Feriengäste weichen dem beliebten Urlaubsgebiet sorgfältig aus. Selbst die Pyramiden können die Situation nicht verbessern. Selbst die lächerlichen Hotelpreise nicht. Sogar das luxuriöse „Renaissance Hotel“ hat zum Beispiel die pro Nacht-Preise auf 23 Pfund (ungefähr 30 Euro) drastisch gesenkt.

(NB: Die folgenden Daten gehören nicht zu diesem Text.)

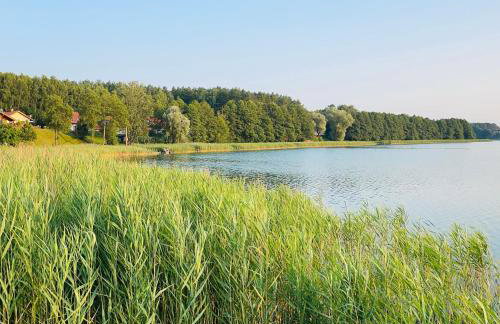 Palma de Masuria Ekskluzywny Dom na wyłączność - Foto 16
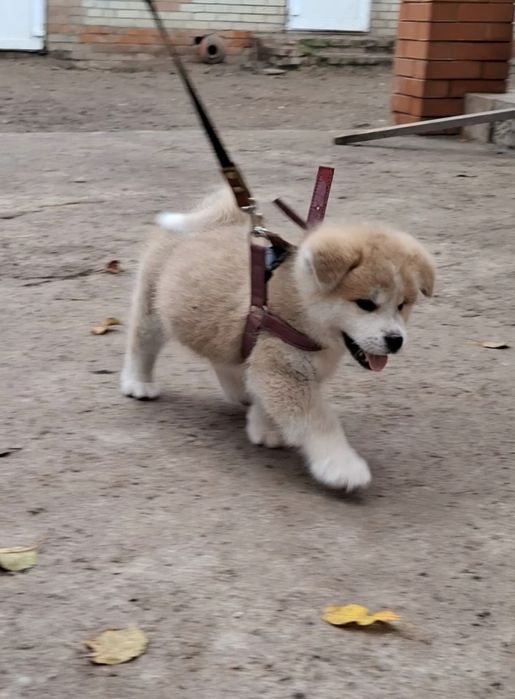 Мальчики с документами КСУ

Nach dem arabischen Frühling 2011 waren Ruhe und Wirtschaftsaufschwung erst 2013 teilweise in das Land zurückgekehrt. Doch ehe sich Ägypten von der Krise erholt hatte, haben vermutlich IS-Terroristen 2015 einen Bombenanschlag  auf ein russisches Passagierflugzeug verübt.  Der britische Luftverkehr ins Land wurde wegen Terrorgefahr eingestellt und die Touristen nach Hause zurückgebracht. Russland hatte ebenfalls seine Flugverbindung mit Ägypten gestoppt.Der jüngste Absturz einer A320 der EgyptAir  im Mittelmeer  war der Tropfen, der das Fass zum Überlaufen brachte. Die Ursache ist noch nicht festgestellt, doch bekanntlich hat Furcht tausend Augen. Urlauber bevorzugen Sicherheit der Billigkeit und wenden sich den europäischen Ländern wie etwa Portugal, Spanien oder Griechenland zu. Zur Freude dieser offensichtlich.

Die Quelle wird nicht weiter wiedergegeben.